Education is another main theme in my story.  I’ve taught English at places as far-flung as JFS, Paris and Tokyo.  One of my favourite positions was at the Tabeetha School in Jaffa; a multicultural school run by the Church of Scotland with 2/3rds local Christian Arabs; Moslem Israelis, Jewish Israelis and students of 42 different nationalities from around the world!  This was where another major interest – Interfaith work – developed.

In 2000 I decided to come back to England.  The plan was to stay for 12 months to train as a Complementary Therapist and then return to Israel, taking the opportunity to spend time with my new niece, and with my father, who wasn’t in the best of health. But, as it does, Life happened. My father died unexpectedly of a heart attack 10 days before I was due back in England. I ended up staying on in Manchester for the next five years. I made the move from teaching English into Jewish education, teaching Hebrew and Jewish studies at North Cheshire Jewish Primary School and becoming Head of Education at the Menorah cheder. Another thread weaves itself into the pattern here - healing.  I did retrain as a Complementary Therapist – specialising in CranioSacral Therapy, Reflexology, Aromatherapy and Thai massage. It was while working with bereaved carers at St Anne´s Hospice and with cancer patients at the Neil Cliffe Cancer Care Centre that my deep appreciation of pastoral care developed.

Turning 40, mid-life crisis struck!  I decided the time had come to integrate my life skills in education and healing in service of the Jewish People. Returning almost 30 years and two careers later to that youthful dream sitting in Shabbat morning services at Menorah, I applied to Rabbinical School. (So, whatever unfulfilled ambition you are harbouring – it’s never too late!)
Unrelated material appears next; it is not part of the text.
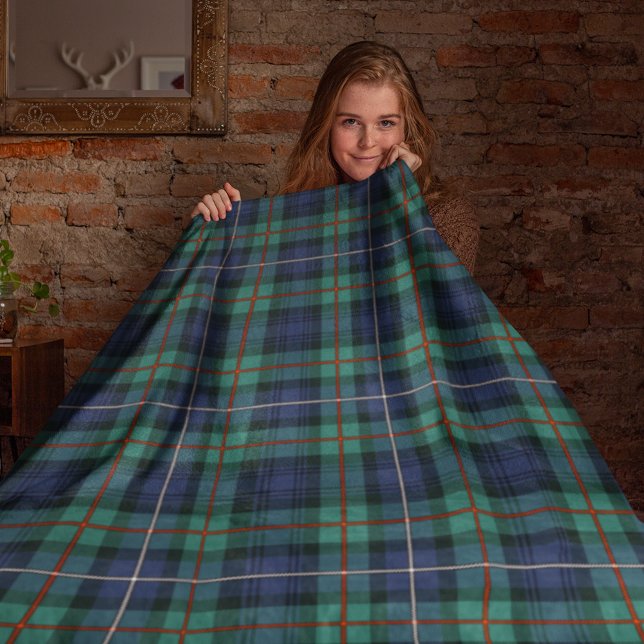 Plaid Clan Robertson Tartan Family Rustic Fleece Blanket (Rustic Plaid Robertson Tartan Sherpa Blanket)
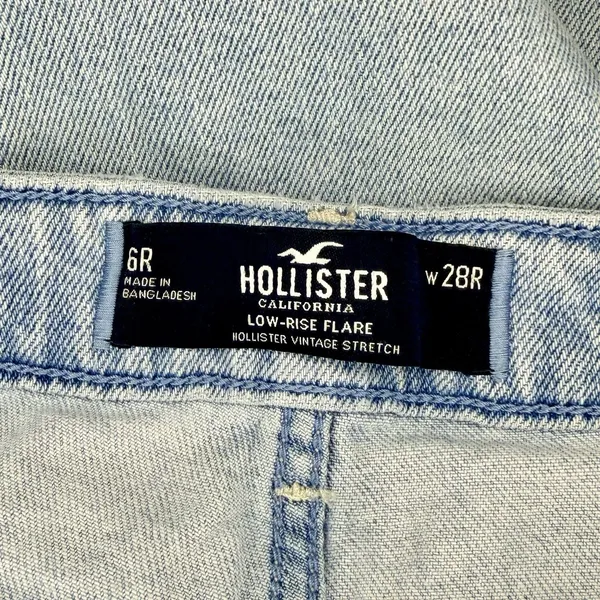 Hollister Low-Rise Light Wash Flare Jeans Y2K Coquette Hearts Size 6/28 EUC!! - Image 4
For my first three years of rabbinical training I studied at Hebrew College in Boston in the States: a pluralist, trans-denominational programme unaffiliated to any one Jewish denomination, founded by Jewish theologian Arthur Green. In Boston I experienced the richness and diversity of American Jewish life and, at Hebrew College, the inspirational training of a programme in which creativity and imagination engender deep respect for tradition, love of learning and a vibrant optimism for the future of the Jewish people. I completed my rabbinic training at Leo Baeck College and received smicha (rabbinic ordination) in 2011. The next three years I taught Jewish Education at JCoSS, and served as rabbi at Middlesex New Synagogue, Glasgow Reform, Temple Israel in Cape Town and North Herts Liberal Jewish Community in Stevenage. Before coming to SWESRS, I served full-time as Assistant Rabbi to Rabbi Steven Katz at Hendon Reform in Danescroft. A perfect apprenticeship to arriving at SWESRS, which shares a similar profile to Hendon in many essential ways.
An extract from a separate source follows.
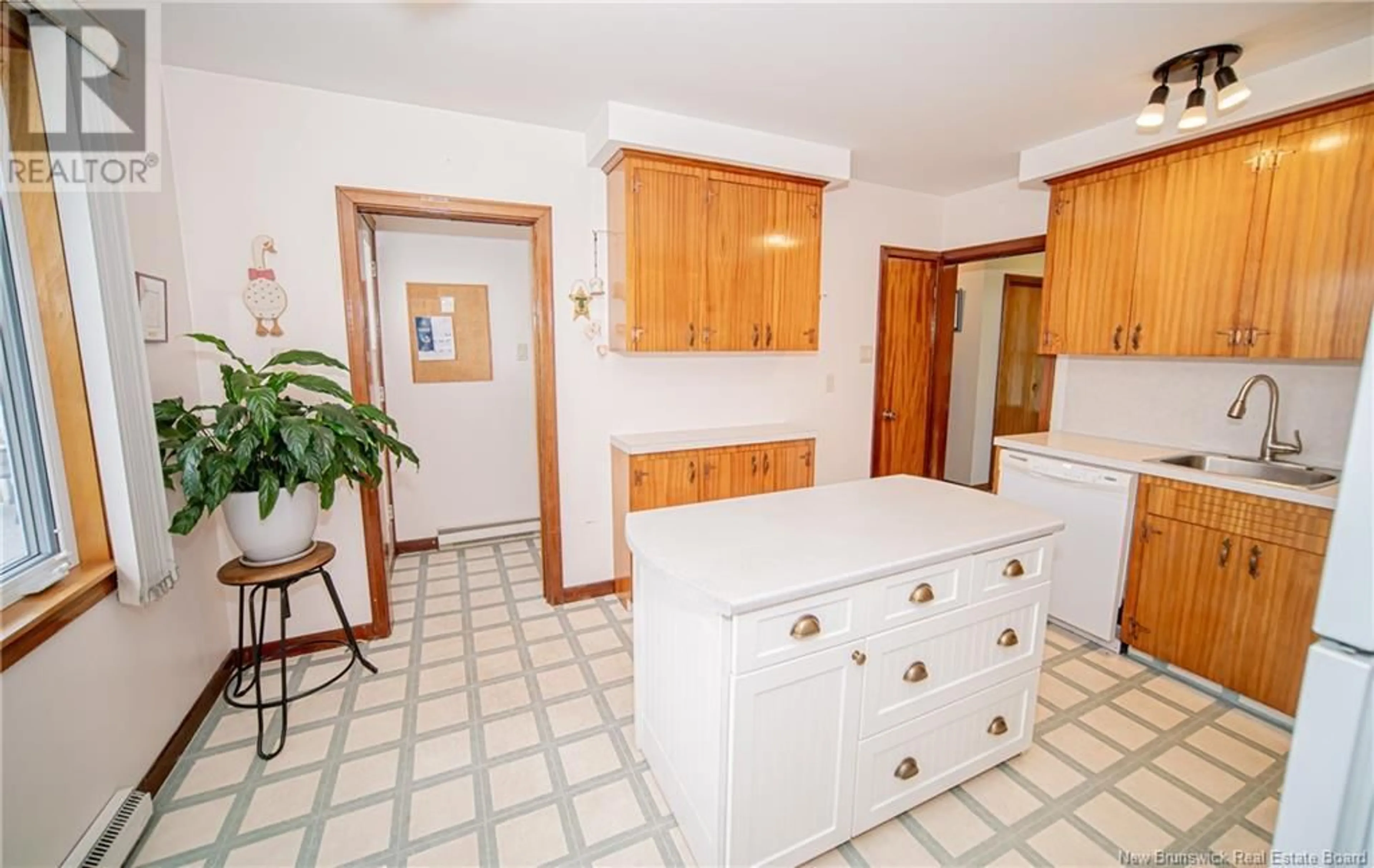 Standard kitchen, ceramic/tile floor for 402 COVERT STREET, Oromocto New Brunswick E2V1E7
What have I learned from such a rich and diverse life experience? I hope to share the fruits of my life’s journey with you in every aspect of my service at SWESRS – directing loving attention to every encounter, every situation, every challenge, every celebration. I believe that everything happens for a reason, and I have perfect conviction that it is bashert that we have found each other.

Looking forward to a long and loving partnership ahead!